Certainly, there will be continued speculation as to what Apple ultimately decides to do. However, in the light of our previous Supply Chain Matters challenge to Apple to invest more in U.S. or North America based production, Project Titan could provide the opportunity to consider such an investment commitment, either contract manufacturing or owned manufacturing investment. North America automotive production plants and their associated supply chains have proven world class competitiveness and indeed are exporting vehicles to global markets.

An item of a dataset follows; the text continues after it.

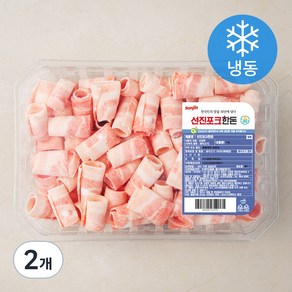 선진포크 한돈 대패 삼겹살 (냉동), 1kg, 2개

However, in light of our previous commentary noting excess auto production capacity across China, Apple may elect its familiar new product introduction and contract manufacturing model.

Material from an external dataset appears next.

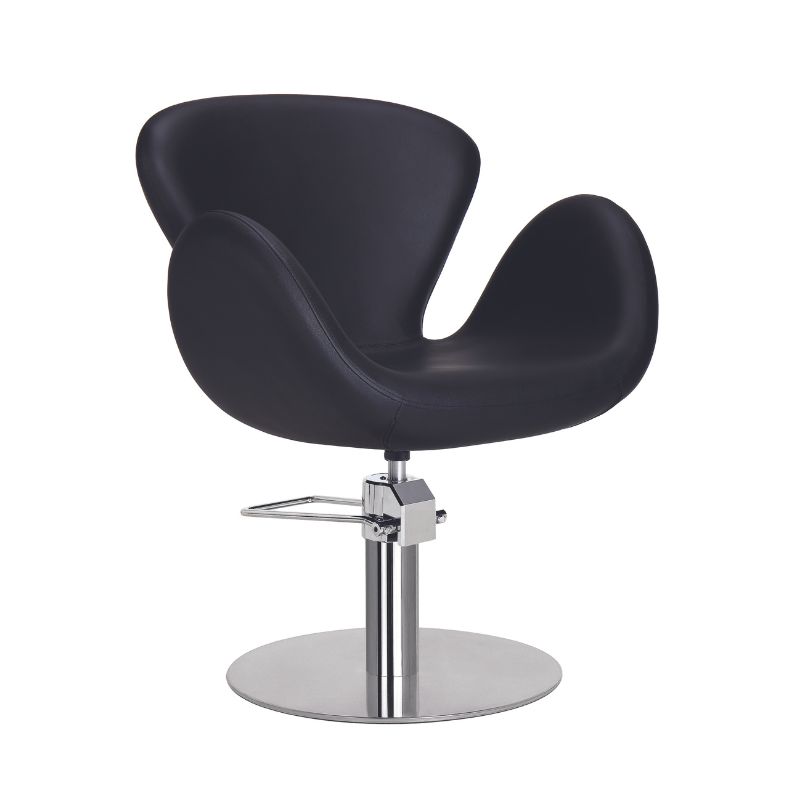 ELEGANCE Fauteuil Coiffure CHLOE BLACK - mobilier coiffure - malys equipements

Bloomberg BusinessWeek reports that both domestic and foreign-based auto producers continue to build and subsequently bring online more auto production capacity across China. The report cites a projection that by 2017 there will be 140 auto production plants in China vs. the 123 existing at the end of 2014. The problem, however, is that China’s nationwide domestic auto consumption is far short of this capacity indicating that overcapacity is expected to worsen. Cited is an IHS Automotive chart indicating that China’s excess capacity has jumped 83 percent in the last two years. The article cites a JSC Automotive forecast that by 2017, auto plants across China will be able to produce 11.4 million more cars than are expected to be sold.
The report cites one Shanghai based consultant as indicating that some carmakers are regretting plans to expand plant capacities, but decisions have already been made. Once more, as Supply Chain Matters readers all well aware, China’s domestic market remains an open opportunity for future growth, but the continued battleground pits China’s domestic brands against foreign based nameplates. The obvious consequence is that there is not enough product demand to sustain all manufacturers, and that has the potential for industry consequences.
Production overcapacity is a common problem in China in many industry and commodity sectors and the results have been messy or sometimes ugly consequences. An ongoing overcapacity condition remains for the production of steel. According to Bloomberg, already, car dealerships across China are seeking more financial assistance and lower sales volume targets. China’s domestic consumers will obviously gain more buyer benefits over time.
Europe’s automotive industry has a similar overcapacity challenge since prior to the 2008-2009 global recession, there was already too much industry-wide capacity, and that remains an ongoing challenge.
With China and Europe reflecting overcapacity, global automotive OEM’s must continue efforts to balance global consumption and supply as well as protect margins. Currency headwinds are yet another challenge.
Supply Chain Matters would not at all be surprised by the entry of Chinese produced autos in the U.S. as well as other emerging markets over the next three years.